Home Assistant Agent is used for Home Assistant OS and Home Assistant Supervised installation types and it allows the Home Assistant Supervisor to communicate with the host operating system and handles additional tasks on the host and without it the Supervisor won’t be able to fulfill its tasks and responsibilities.
Home Assistant Supervised provides the full Home Assistant experience on a regular operating system without the Home Assistant Operating System. This system will run the Home Assistant Supervisor. The Supervisor is not just an application, it is a full appliance that manages the whole system. It will clean up, repair or reset settings to defaults if they no longer match expected values.
We are going to learn how to install Home Assistant in a LXD Virtual Machine.
Create the required LXD VM Debian Bullseye Instance. Note: Watch my LXD 101 video to learn how to create the required bridge used in the following command:
lxc init images:debian/11 --vm HomeAssistant --profile default --profile bridgeprofile -c boot.autostart=true -c limits.cpu=4 -c limits.memory=4GiB
Enlarge the LXD VM virtual disk:
lxc config device override HomeAssistant root size=100GiB
If you have a Zwave or Zigbee USB device, plug it into your LXD host and do a “lsusb” to find out its vendor id and product id.
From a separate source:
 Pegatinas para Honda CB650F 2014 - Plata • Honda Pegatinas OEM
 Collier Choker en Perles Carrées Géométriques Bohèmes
Here’s a mock example of making a zwave device on your LXD host available to your LXD VM. Your values will be different.
lxc config device add HomeAssistant zwave usb vendorid=a012 productid=4a01
Start your LXD VM and check to see if it has an address with “lxc list”.
lxc start HomeAssistant
Once it has an address, connect to the console bash shell.
lxc exec HomeAssistant bash
Install the components required to resize the partition and the root file system of the container.
apt install cloud-guest-utils fdisk -y
Enlarge the partition to the size of the disk.
growpart /dev/sda 2
Resize the root file system to the size of the enlarged partition.
resize2fs /dev/sda2
Check for and apply all updates to your container.
apt update && apt upgrade -y
Add a user, put the user in the sudo group and move into the new user account.
adduser scott
usermod -aG sudo scott
su - scott
Install the required dependencies.
sudo apt install ca-certificates curl gnupg lsb-release network-manager udisks2 wget apparmor jq libglib2.0-bin dbus lsb-release systemd-journal-remote -y
Create a folder for keyring signatures.
sudo mkdir -m 0755 -p /etc/apt/keyrings
Get the signature for docker and put it in the keyring folder.
curl -fsSL https://download.docker.com/linux/debian/gpg | sudo gpg --dearmor -o /etc/apt/keyrings/docker.gpg
Add the docker repository, update the repository list and install the required docker components.
echo "deb [arch=$(dpkg --print-architecture) signed-by=/etc/apt/keyrings/docker.gpg] https://download.docker.com/linux/debian $(lsb_release -cs) stable" | sudo tee /etc/apt/sources.list.d/docker.list > /dev/null
sudo apt update
sudo apt install docker-ce docker-ce-cli containerd.io docker-buildx-plugin docker-compose-plugin
Put my user account in the docker group.
sudo usermod -aG docker scott
newgrp docker
Download and install the Home Assistant Agent:
wget https://github.com/home-assistant/os-agent/releases/download/1.5.1/os-agent_1.5.1_linux_x86_64.deb
sudo dpkg -i os-agent_1.5.1_linux_x86_64.deb
Download and Install Home Assistant Supervised:
wget https://github.com/home-assistant/supervised-installer/releases/download/1.4.3/homeassistant-supervised.deb
sudo dpkg -i homeassistant-supervised.deb
Go to your web browser at the address of your LXD VM at port 8123.
http://192.168.1.x:8123/
After a few minutes you should be able to register an account and get started as in the video. Optionally, you may create a subdomain name for your Home Assistant instance and make an NginX Proxy Manager entry with an SSL certificate if you want your instance to be reachable outside your network.